We created an SPSS program to implement the approaches described above. The program runs automatically from the SPSS (Norusis, 1988) syntax window, and the output can be configured in a variety of ways. We developed the program on the basis of the MATRIX command language (see, e.g., Einspruch, 2003, pp. 137–149). It should be noted, however, that users do not need to know how to program in this language in order to run TETRA-COM; they need only specify the values of some variables in order to configure the analysis of the data at hand. The aim of the program is to produce an R.dat file containing the correlation matrix that is ready to be analyzed with FACTOR or ALSCAL modules of SPSS. The Appendix shows the extract of the code in the file tetra-com.sps, which can be modified by the user to adapt the syntax.
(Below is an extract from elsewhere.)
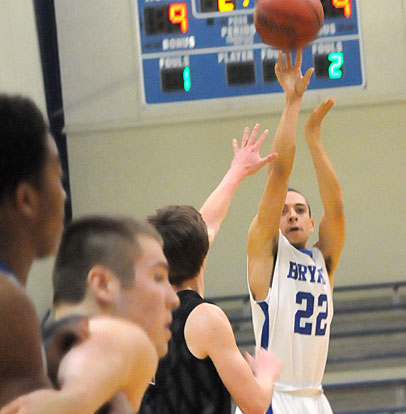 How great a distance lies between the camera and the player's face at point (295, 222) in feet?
12.7

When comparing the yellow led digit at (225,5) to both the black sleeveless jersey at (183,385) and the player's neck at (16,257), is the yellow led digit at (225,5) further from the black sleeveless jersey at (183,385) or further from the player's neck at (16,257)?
the player's neck at (16,257)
The following computation parameters can be configured: (1) the significance level to be used in the output, (2) whether the cross-tabulation matrices are to be printed in the output or not, (3) whether the smoothing procedure must be computed if the tetrachoric correlation matrix turns out to be non-Gramian, (4) whether the computed correlation matrix is to be analyzed with FACTOR or with ALSCAL modules of SPSS, and (5) the default path for saving the R.dat file that contains the computed correlation matrix. To run TETRA-COM, the user has to have an active SPSS data file containing only the variables to be included in the correlation matrix. Once the R.dat has been computed, it must be loaded and activated to compute further analysis. For example, to extract a factor using unweighted least squares (ULS), the following SPSS syntax can be used:

figure a

Illustrative examples

The first use of the tetrachoric correlation is illustrated with an example taken from Fleiss (1981). The example was also analyzed by Bonnet and Price (2005), which serves to check the accuracy of our results. A total of 100 patients were classified into neurosis or other categories by two raters A and B. The aim of the study was to assess the degree of rater agreement. Figure 1 shows part of the output provided by TETRA-COM.

Fig. 1
figure 1

TETRA-COM output for the first example

The tetrachoric correlation is clearly higher than the other measures of association and, particularly, the product–moment (phi) estimate. The point estimate suggests a notable degree of agreement between both raters. The 95% confidence interval is relatively wide, which is to be expected because (1) the variables have quite extreme splits and (2) the sample is rather small. Note that the upper end of the interval is almost one, which means that the hypothesis of perfect agreement can hardly be rejected. A larger sample would be needed to assess this point in more detail.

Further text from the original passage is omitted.